So how do we get at these rival liturgies?  How do we know if we are practicing them or if we are being co-opted by them?  Well, I suggest one practice to begin is something called a “liturgical audit.” 

A liturgical audit is asking the following questions: 

  • What are the habits and practices that I’m participating in without really thinking about?

  • What are those practices doing to me? 

  • Are there other practices that might habituate me into a different way of being in the world?

Ok, lets look at each of these…

  • What are the habits and practices that I’m participating in without really thinking about? Often these habits seem benign to us, but in fact they are doing something to us.   This happens below the head level more at the gut level.  Those things that I just do, and then go why did I do that?  Like the older fish swimming by two young fish and the older fish says, “Morning boys, how’s the water?” And the two young fish look at each other and one says to the other, “What the heck is water?”  It is hard to see these things most times, because we don’t realize we are in water.  What are the things that you do that you take for granted, and you haven’t really asked yourself, “Why am I doing this?”

    We all work. Imagine your work life and do an audit of your office, work space, factory?  Ask yourself, what are the rituals and rhythms that I am pulled through just by showing up to work everyday?  And what’s the story that is carried in these rhythms?  We are trying to unearth any covert or unconscious story of human flourishing that I’m absorbing in these practices that I didn’t even realize or think about being loaded into them.  Now, not everything is a liturgy.  Not everything is doing something to us.  However, much of what we do is.

  • The second question to ask when taking a liturgical audit is — What are those practices doing to me? 

    • Imagine commuting for 1 hour a day or even sitting in your work space alone for the day listening to talk radio verses commuting with a group talking or working in an open space with other co-workers.  What is being done to you in that hour or more of talk radio? What is being done to you in the car with your co-workers?  In both, something is being done to you.  You are absorbing a story in this.  You may be absorbing a story of autonomy, personal choice, and then whatever the talk radio vision of the good life you are hearing.  How might this be even more transformed if you rode a bus with phone in the bag and headphones in their case?  Now I am not saying that its wrong to work by yourself or ride by yourself, but you also shouldn’t think this is just a neutral activity that isn’t doing something to you.  If I run through my neighborhood, and I run with headphones listening to sports radio verses running in silence through my hood.  What is being done to me?  Ask of your practices, habits, routines, rhythms, what is being done to me in this practice?

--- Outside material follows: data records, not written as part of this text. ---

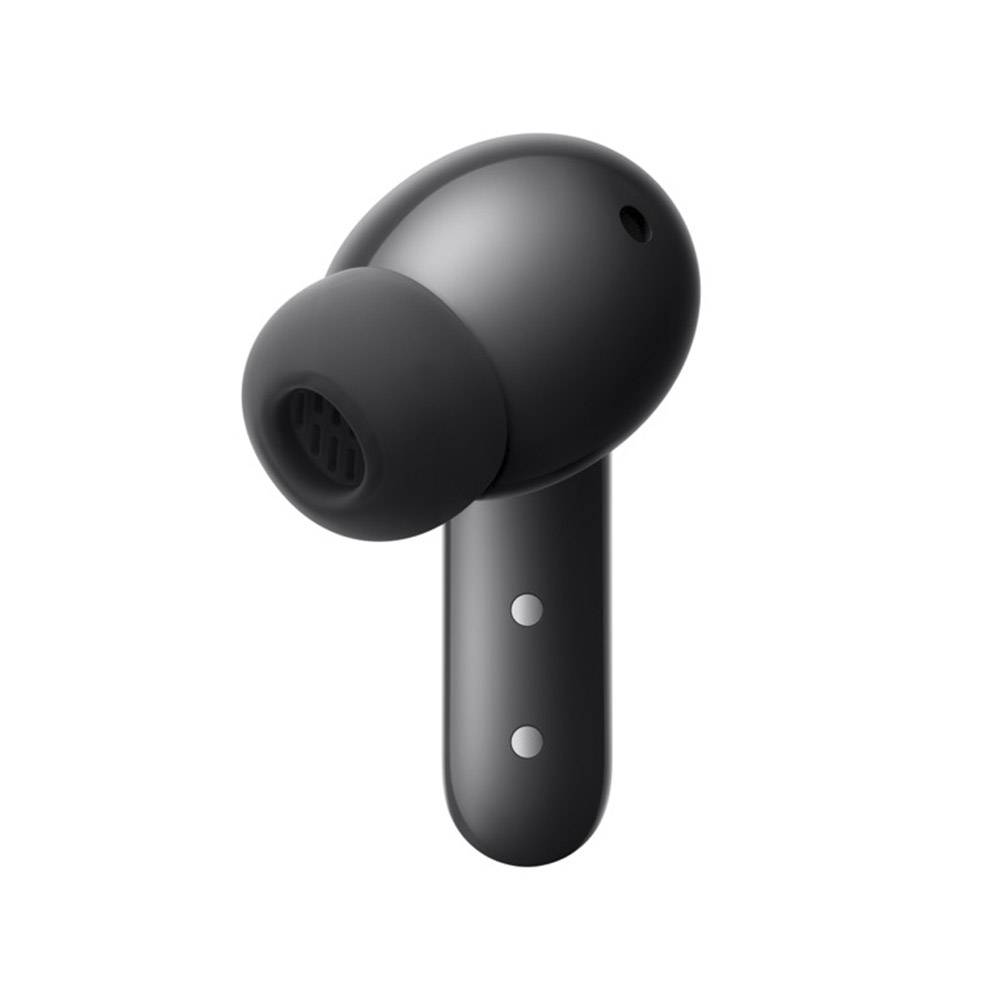 Earbuds CMF by Nothing Buds 2 ANC True Wireless Dark Grey
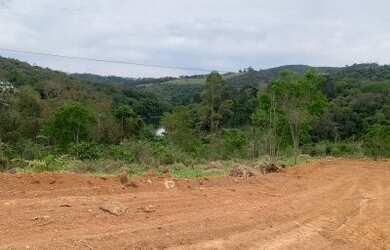 Imagem 6: Terreno á 45 minutos de SP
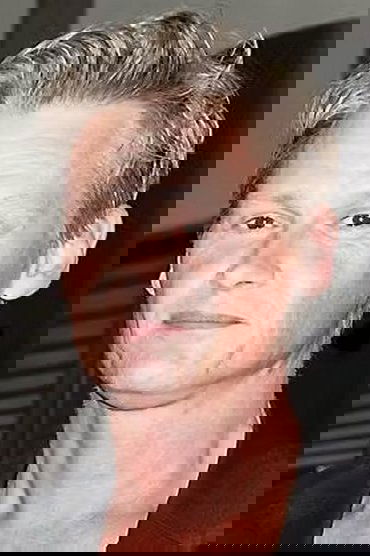 Jeppe Kaas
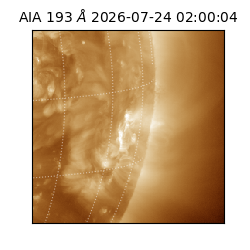 saia - 2026-07-24T02:00:04.842000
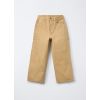 4658673 TRO TWILL ST BEIGE
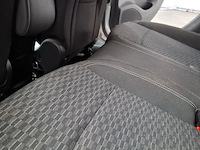 Personenauto, opel, astra, 2019 - afbeelding 36 van  65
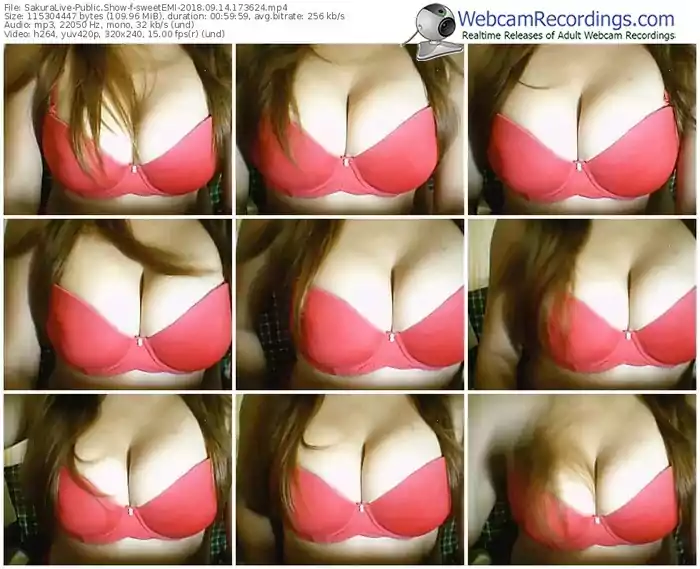 sakuralivejp-sweetemi-webcam-show-09_14_2018-17_36_24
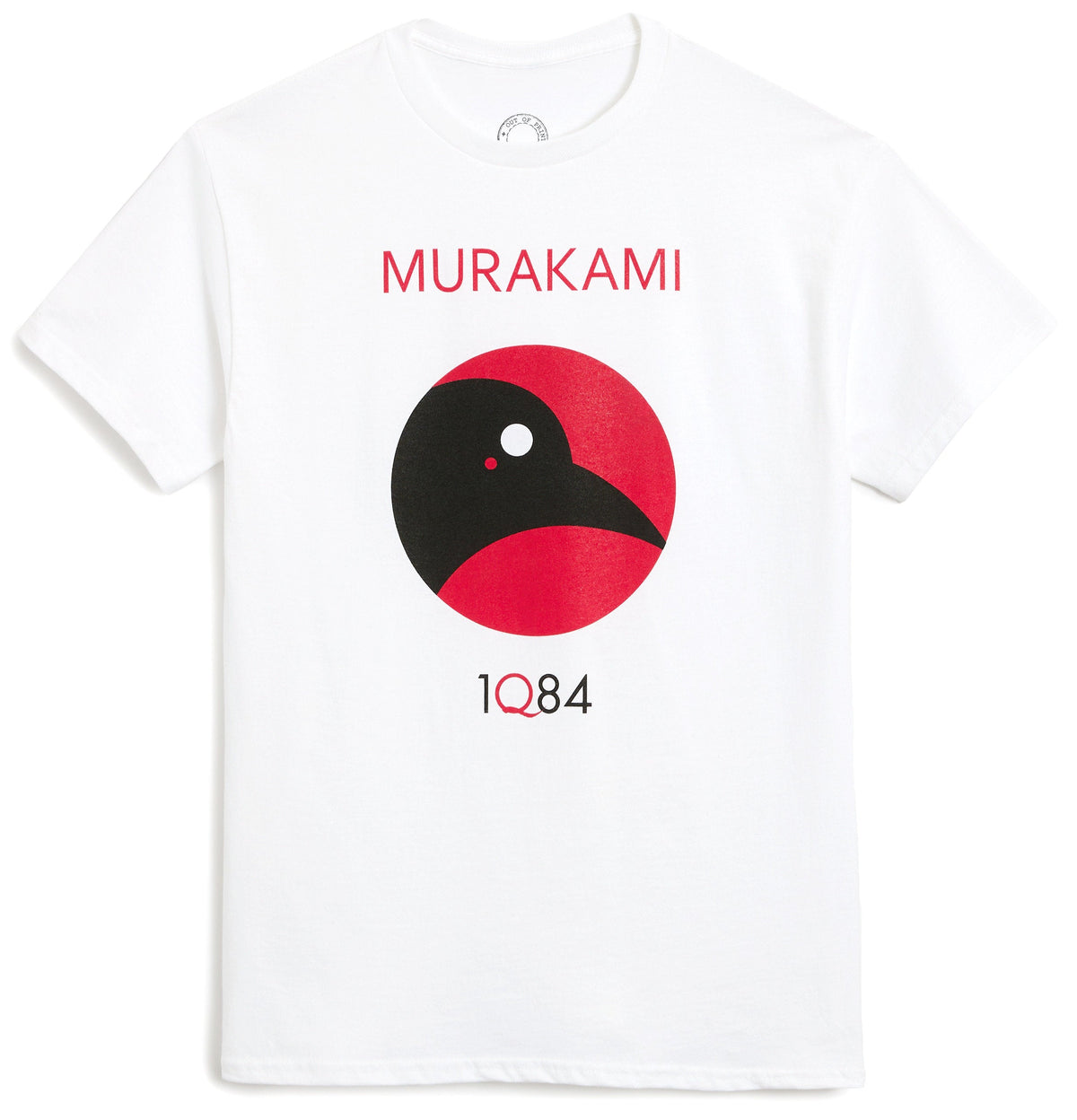 US - Other apparel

  • And the third question is are there other practices that might habituate me into a different way of being in the world?

    • So in the example of running above, one practice might be silence.  We lack space for silence.  So, when I run, I pipe in music or podcasts.  When I sit down after running at the local restaurant, there are tv’s and more music.  When I’m home there is social media intruding on my life, and more distraction and noise with my tv.  My kids experience this in some ways, this constant noise that I didn’t as a kid.  And this can be an enemy of contemplation and introspection.  The chatter of social media makes it hard to ever arriving at a place where we can confess, because we are constantly entertained and submerged in words and videos and snaps that we don’t know, can’t know ourselves well enough or know God well enough to confess. And this is reinforced in our workplaces and schools.  Like my kids need snapchat for certain classes and on certain teams.  Teachers are having the students use their phones in their class, so the option of not having a phone or having a certain type of phone aren’t even available to them anymore.  Now I’m not saying get rid of all of that, but what I am saying is silence is a practice that might rehabituate you in some ways that are needed if you are going to be moved toward Christ and His kingdom, and not conscripted toward another kingdom. 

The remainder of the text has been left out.